Sweet Potato Breakfast Pizza

Who’s for more occasions to eat pizza? We are! This egg-topped version—brimming with sweet potatoes, Parmesan, prosciutto, and basil—is perfect for breakfast, brunch, lunch, and even dinner.

Serves 3 or 4



Sweet Potato Breakfast Pizza

6 Ounces orange-fleshed sweet potatoes, cut crosswise into 1/4-inch slices
1 Tablespoon olive oil
1/2 Teaspoon salt, plus more for sprinkling
1/4 Teaspoon pepper, plus more for sprinkling
2 Ounces thinly sliced prosciutto Flour, for sprinkling
1 12-14 oz raw pizza dough
3 Ounces shaved Parmesan cheese (about 1 cup), divided
4 large red onion rings (each 3 1/2 to 4 inches in diameter and 1/2-inch thick)
4 large eggs
2 Tablespoons chopped fresh basil

Sweet Potato Breakfast Pizza Directions

  1. Arrange a rack in the bottom third of the oven and another in the top third. Place a pizza stone or rimless baking sheet on the bottom rack and preheat to 400°F.

  2. In a medium bowl, combine the sweet potatoes, oil, salt, and pepper. Transfer to a rimmed baking sheet, spreading the sweet potatoes out to a single layer, and roast on the top rack until tender, 7 to 9 minutes. Set aside to cool slightly and increase the oven to 500°F.

  3. Generously sprinkle a pizza paddle or second rimless baking sheet with flour. On a lightly floured surface, roll or stretch the dough out to a 14- to 16-inch round. Transfer to the prepared paddle or baking sheet and top with about 3/4 of the cheese, the prosciutto, sweet potatoes, and remaining cheese. Arrange the onion rings on top. Transfer the pizza to the oven and bake until lightly browned but not crisp, about 7 minutes.

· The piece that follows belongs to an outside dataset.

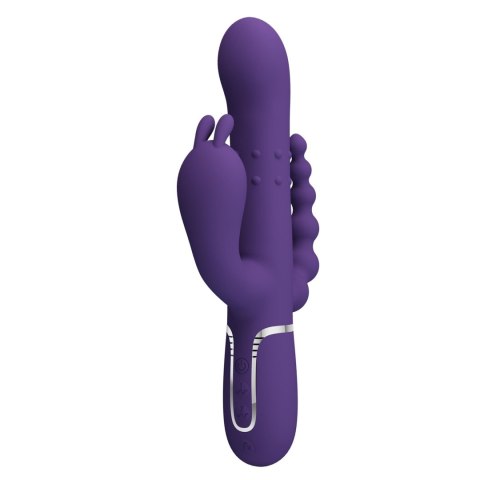 PRETTY LOVE - Cammy Dark Purple, Twinkled Tenderness, 7 thumping functions 7 vibration functions 4 rolling functions Baile - Boys of Toys Sp. z. o.o. (dystrybutor)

  4. Remove the pizza from the oven and gently crack 1 egg into each onion ring. Carefully return the pizza to the oven and continue baking until the eggs are softly set and the crust is golden, about 5 minutes. Sprinkle the pizza with the basil and more salt and pepper and serve.


Recipe notes

Note: You’ll notice that the flour amounts are given in both volume and weight. Measuring either way is fine, but I find that, when baking, knowing the weight of flour is helpful, since it is a more accurate measurement.